What is St. Paul talking about here? What is the supernatural Rock which followed them? To answer this question, we have to go back to the Exodus which describes the liberation of the Jewish people from slavery in Egypt. It says,

“All the congregation of the people of Israel moved on from the wilderness of Sin by stages, according to the commandment of the Lord, and camped at Reph’idim; but there was no water for the people to drink. Therefore the people found fault with Moses, and said, “Give us water to drink.” And Moses said to them, “Why do you find fault with me? Why do you put the Lord to the proof?” But the people thirsted there for water, and the people murmured against Moses, and said, “Why did you bring us up out of Egypt, to kill us and our children and our cattle with thirst?” So Moses cried to the Lord, “What shall I do with this people? They are almost ready to stone me.” And the Lord said to Moses, “Pass on before the people, taking with you some of the elders of Israel; and take in your hand the rod with which you struck the Nile, and go. Behold, I will stand before you there on the rock at Horeb; and you shall strike the rock, and water shall come out of it, that the people may drink.” And Moses did so, in the sight of the elders of Israel.” (Ex 17:1-6)
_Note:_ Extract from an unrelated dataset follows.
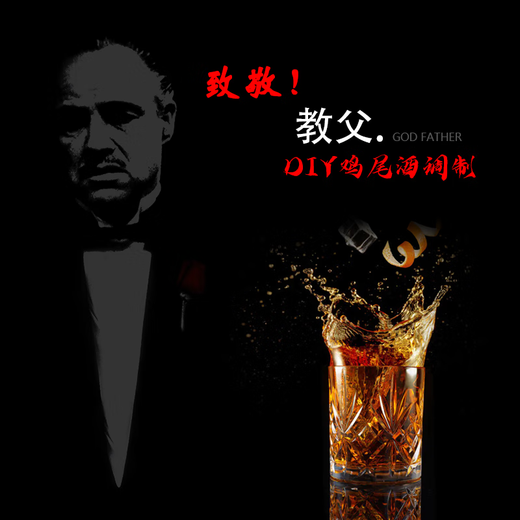 尊美醇教母调酒套餐帝萨诺杏仁力娇酒利口酒洋酒格兰菲迪苏格兰威士忌 教父鸡尾酒套餐-苏格兰黑方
The verses in St. Paul we see a reference to the “rock” which followed them. This may seem strange or even amusing. But St. Paul tells us the rock was Jesus Christ. The main point is important and clear.

In the desert people need water and water is often hard to find. God giving water to the Jews is a sign of God’s love for His people. Just as Jesus Christ is “bread from heaven” He is also the “living water”. We remember that when Christ speaks to the Samaritan woman he says

“the last day of the feast, the great day, Jesus stood up and proclaimed, “If any one thirst, let him come to me and drink. He who believes in me, as the scripture has said, `Out of his heart shall flow rivers of living water.'”  Now this he said about the Spirit, which those who believed in him were to receive; for as yet the Spirit had not been given, because Jesus was not yet glorified.” (Jn 7:37-39)

In other words, water is necessary for life, physical life. In the same way this “living water” is necessary for our spiritual health. St. John tells us that this living water is the Holy Spirit. The Holy Spirit was given on the day of Pentecost.

Critics of Christianity often say that Christianity restricts human freedom, that it binds us with all sorts of rule and regulations. But if we look at the Bible, we see that Christianity is about liberation, about our freedom from slavery. The whole Book of Exodus is about the liberation of the Jewish people from slavery in Egypt. In the same way, Christ frees us from slavery to sin and death. When we act out our passions, our sins bind and restrict our freedom. This bondage makes it difficult to love God and our neighbor. The Christian life is a process of regaining our freedom. And of course, our greatest fear is death. Christ, who rose from the dead, promises us that He will raise us up also. Christ is the conqueror of death and the water of Baptism, and the Body and Blood of Holy Communion incorporating us into Christ’s victory over death. Or to put it another way, Jesus said, “…you will know the truth, and the truth will make you free.”